Grier was initially a reluctant cast member. He'd turned down offers several times before his wife Maritza persuaded him to do the series, a fortuitous decision that Grier still hears about on occasion. "Only in key moments of negotiation does she throw that on the table," he admitted with a smile, explaining that his initial resistance stemmed from a belief that his theatrical acting should drive his career.
"I always felt like you should never try to buy an invitation to the dinner," he said. "You should wait, and when it's your time you will be invited. But that's really not the way Hollywood works. You have to hustle and work on building a career. Not everyone's career is based on, 'I saw you in this wonderful play at the South Coast Repertory--here's a three-picture deal.' "
Grier had worked extensively on stage and in film before "In Living Color." In 1982 he earned a Tony nomination for his Broadway portrayal of baseball great Jackie Robinson in "The First." He later teamed with Denzel Washington and Adolph Caesar in an off-Broadway production of "A Soldier's Play," roles that all three reprised for Norman Jewison's film version, "A Soldier's Story."

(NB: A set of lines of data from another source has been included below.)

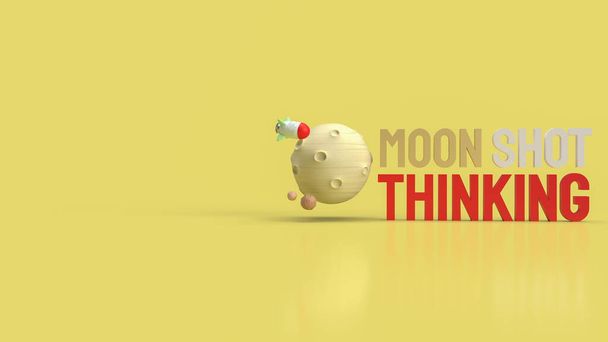 moon and text  moon shot thinking for  business content 3d rendering. - Foto, imagen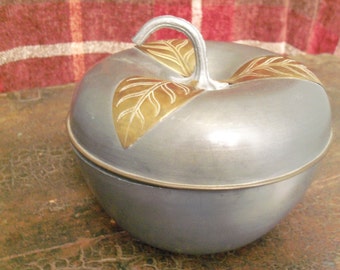 Vintage Pewter and Brass Apple Trinket Box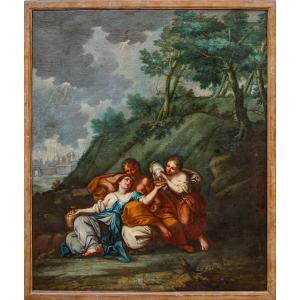 Cerchia di Marcantonio Franceschini(Bologna, 1648 – 1729), Loth e le sue figlie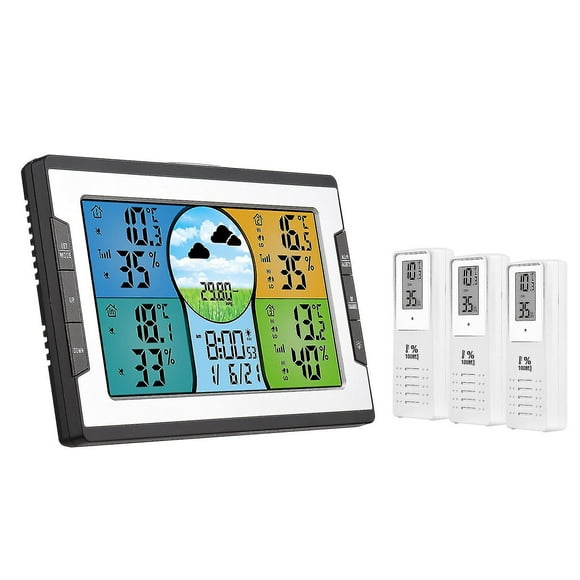 Digital Weather Station With 3 Remote Sensors 328ft/ 100m Indoor Outdoor Temperature Humidity Monitor Alarm Clock With Snooze Thermohygrometer With We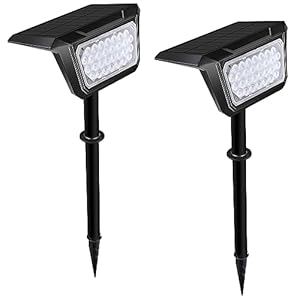 Solar Spotlights Outdoor Waterproof 2-Pack, LED Solar Landscape Lights, Eco-Friendly Garden Lights, Adjustable Solar Powered Spotlight, Cool White for Yard Outside Landscape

His first movie since joining the series is Eddie Murphy's current hit "Boomerang." Grier hopes that his next film, currently in development at Murphy's company at Paramount, will catapult him beyond supporting role status.
"It's the first project being written for me," he said, "and that represents the next level I'd love to be in, because usually I'm the guy who's told, 'It's for an albino midget but make it work' or, 'It was written for a blonde woman but we know you can bring something to it.' "

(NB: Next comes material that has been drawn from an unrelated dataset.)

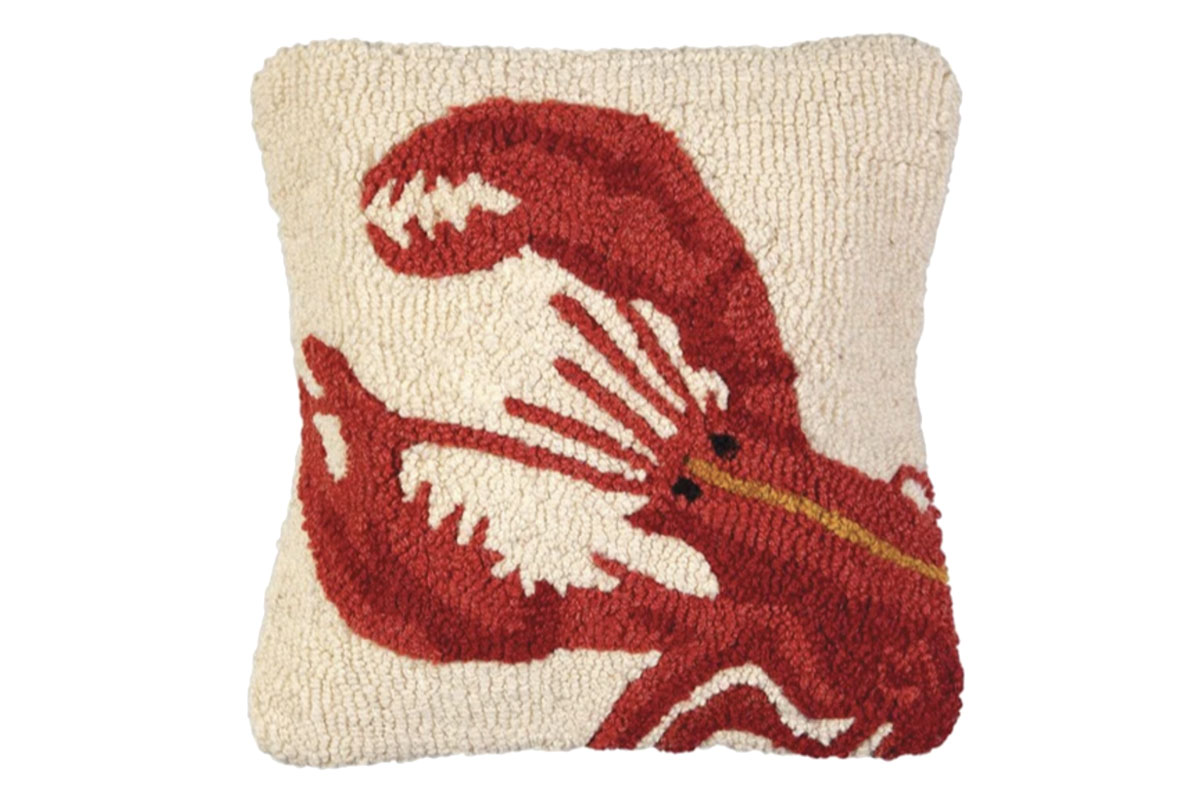 Hooked pillow with image of lobster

Lately Grier has been bringing something to his stand-up comedy, headlining at clubs across the country during breaks in his series shooting. But comedy remains secondary to his theatrical and television careers.

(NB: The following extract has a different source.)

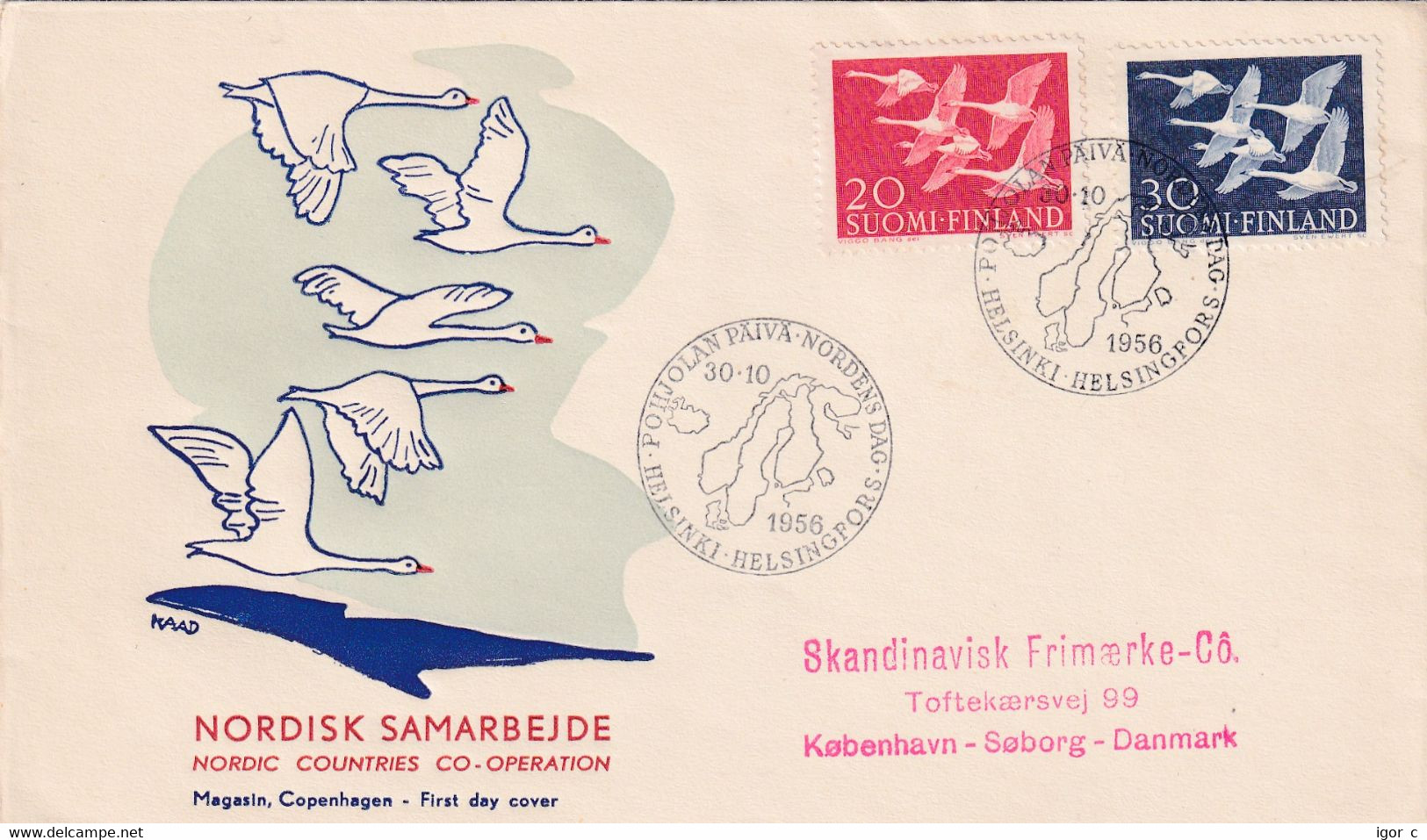 Finland 1956 Cover: OISEAUX VÖGEL - SWAN SCHWAN CYGNE CISNE; Nordic Countries Cooperation Day; Joint Issue; - Schwäne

"For me, it's a great release, but it would be different if I were trying to make it as a comic, like this was my (one) shot," he said. "It's not, it's like recreation. But it is a little daunting. I'm still at that stage where I'm a little perplexed that people get so excited about seeing me. But it's cool. It's a great feeling being on stage. It's different from doing a play or doing TV. I don't really feel any pressure."
Except, perhaps, pressure from audiences who invariably cry out for him to do their favorites form "In Living Color." Even though these characters could generate easy laughs, Grier resisted the call for a long time. "I never wanted to do an evening of 'In Living Color,' " he said, "but now I do one or two characters that I feel work within the context of my stand-up."
But when television deals you a hand, you play it. And while more film and stage roles appear destined to follow, being a regular on a weekly hit series has its advantages.
"There's something intimate about television," Grier said. "When people see you on there, they just feel like they can come up to you and start talking."
"It was like levels of recognition; first it was, 'Oh, you're that guy on that show.' Then they would call me by the character's name--Tubbs, Antoine. Now they call me David Alan Grier. It's truly a progression."
"In Living Color" airs Sundays at 8 p.m. on Fox.